[Image-caption web data]
######

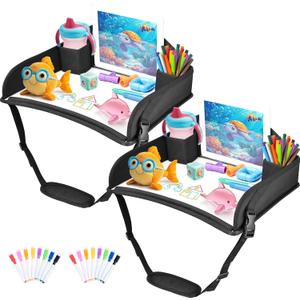 2Pcs Kids Travel Tray for Toddler Car seat, Road Trip Activities Essentials for Toddler, Kids Lap Desk Tray with Tablet Holder Stand Dry Erase Board (Black-2 Pcs)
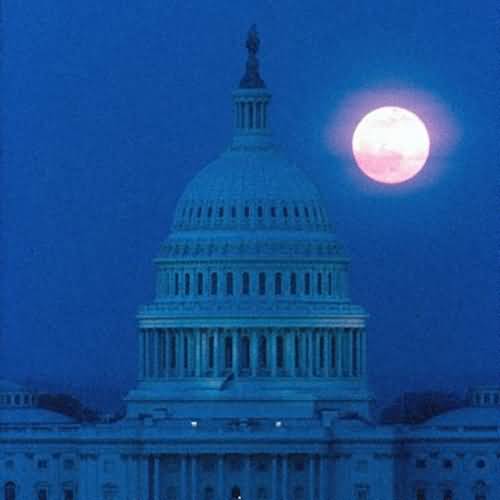 United States Capitol With Full Moon At Night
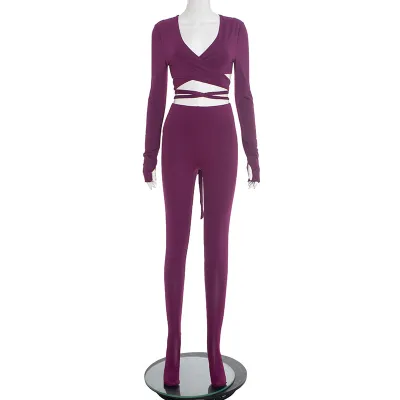 Women Fashion Sexy Solid Color V-Neck Cross Strap Long-Sleeve Crop Top High Waist Pants Two-Piece Set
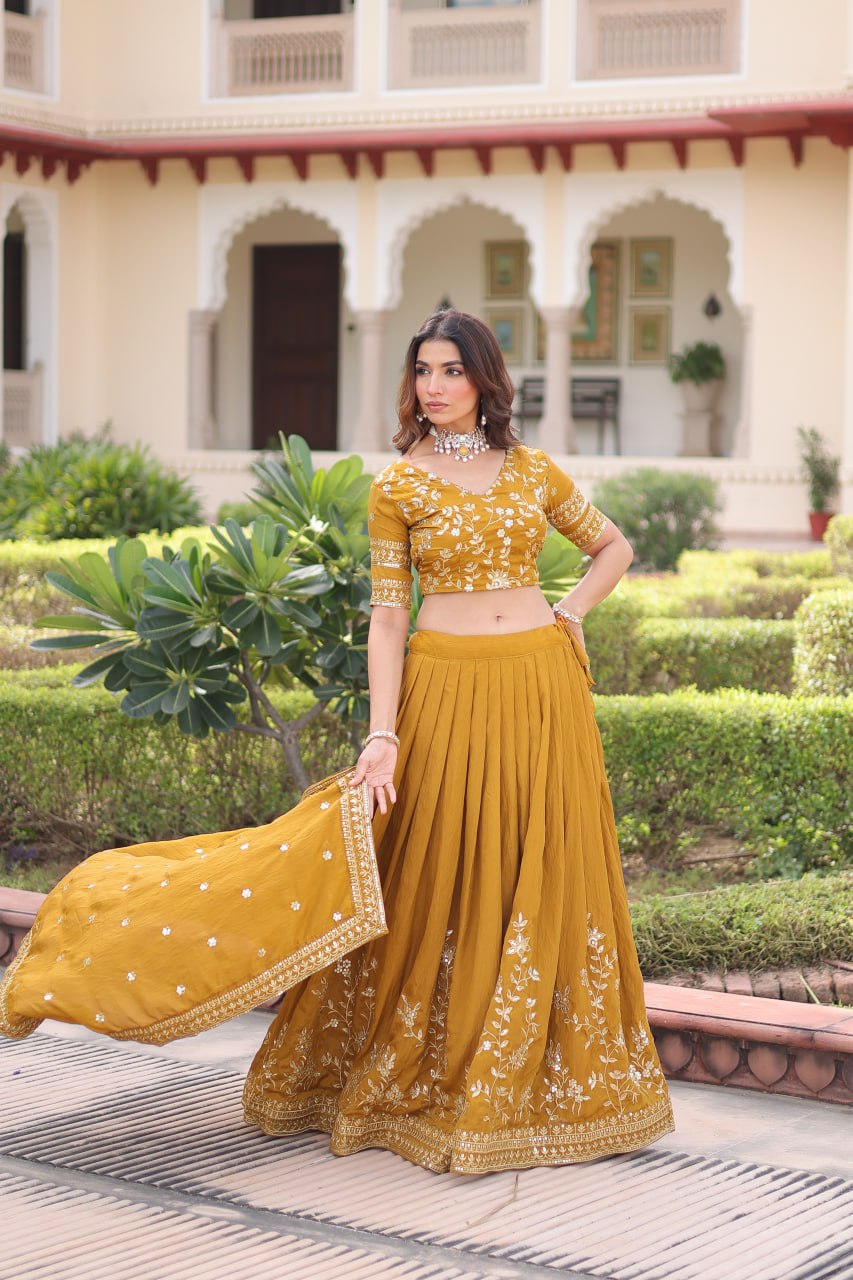 Navy Blue Vichitra Embroidery Work Lehenga Choli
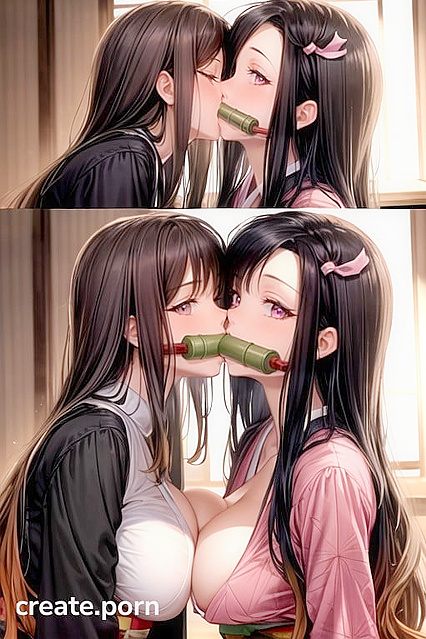 Nezuko from Demon Slayer Enjoying Passionate Kisses in Hentai Images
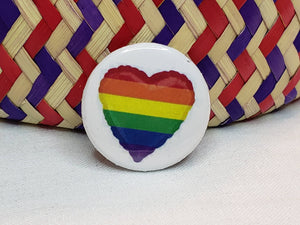 1" Button - Pride Heart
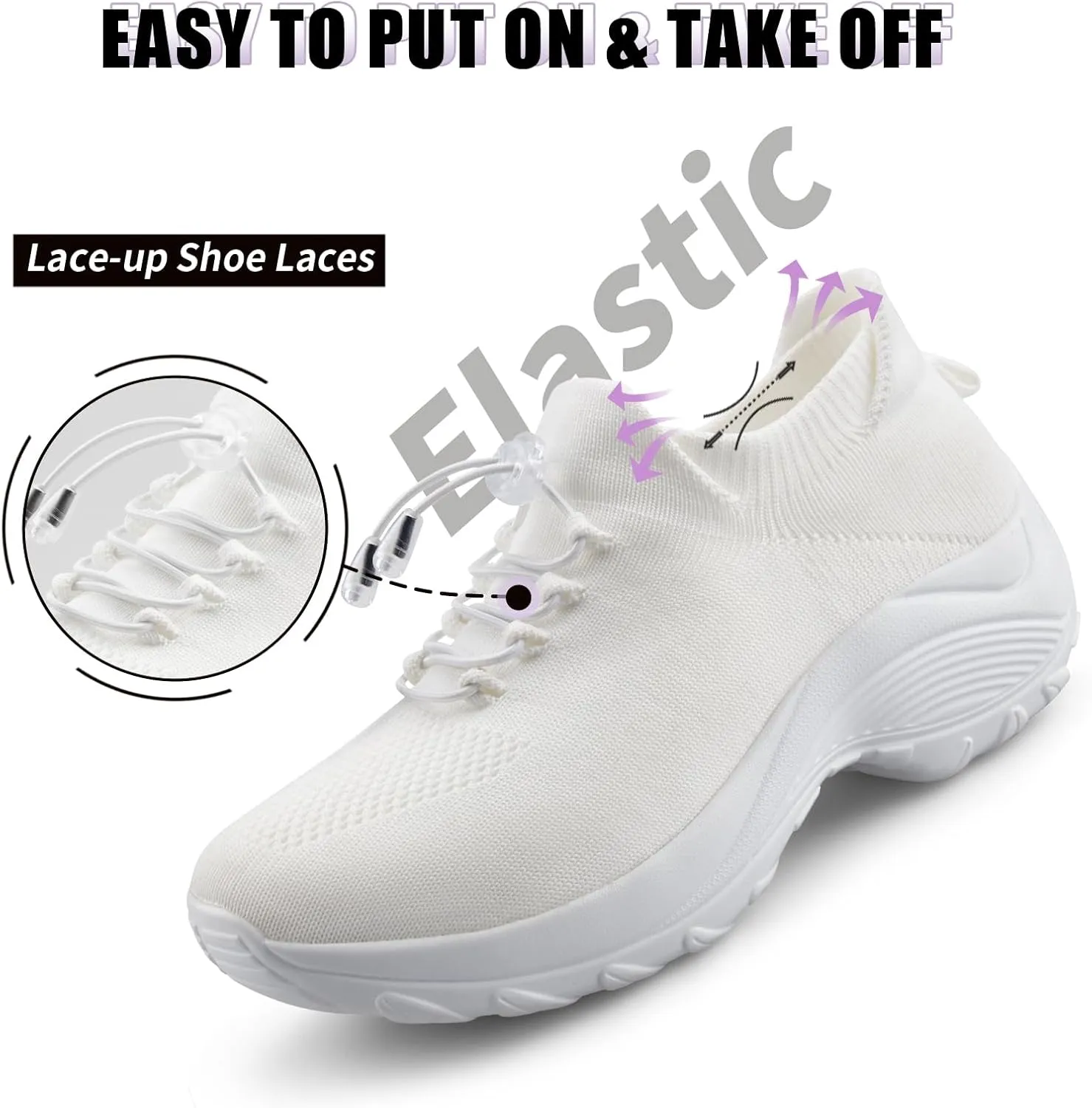 STUNAHOME Orthopedic Sneakers Breathable Women Walking Shoes Slip on Trainers Women's Comfortable Casual Ladies Athletic Shoe Thick Bottom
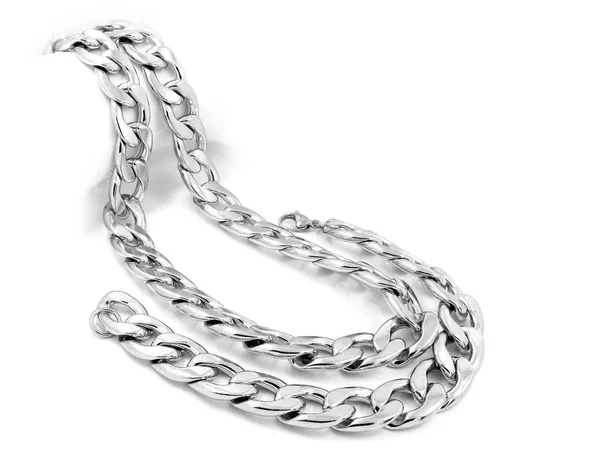 Комплект ожерелья и браслета - Серебряная нержавеющая сталь — стоковое фото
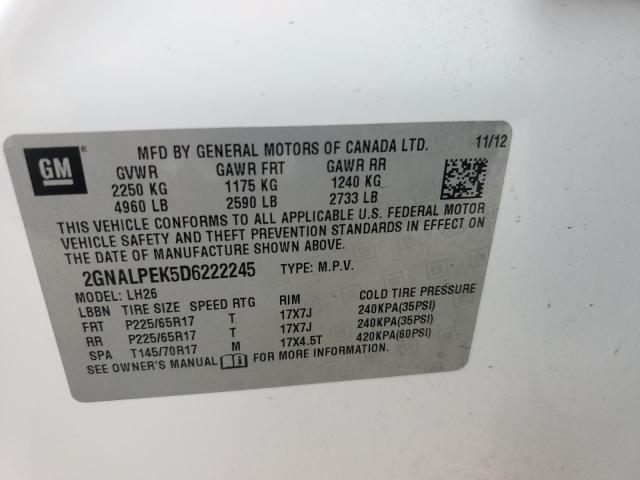 2GNALPEK5D6222245 - 2013 CHEVROLET EQUINOX LT WHITE photo 13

######

§ **Required work**: When you repeat the records, reproduce each line exactly and drop the images.

§ **Response**:
 2Pcs Kids Travel Tray for Toddler Car seat, Road Trip Activities Essentials for Toddler, Kids Lap Desk Tray with Tablet Holder Stand Dry Erase Board (Black-2 Pcs)
 United States Capitol With Full Moon At Night
 Women Fashion Sexy Solid Color V-Neck Cross Strap Long-Sleeve Crop Top High Waist Pants Two-Piece Set
 Navy Blue Vichitra Embroidery Work Lehenga Choli
 Nezuko from Demon Slayer Enjoying Passionate Kisses in Hentai Images
 1" Button - Pride Heart
 STUNAHOME Orthopedic Sneakers Breathable Women Walking Shoes Slip on Trainers Women's Comfortable Casual Ladies Athletic Shoe Thick Bottom
 Комплект ожерелья и браслета - Серебряная нержавеющая сталь — стоковое фото
 2GNALPEK5D6222245 - 2013 CHEVROLET EQUINOX LT WHITE photo 13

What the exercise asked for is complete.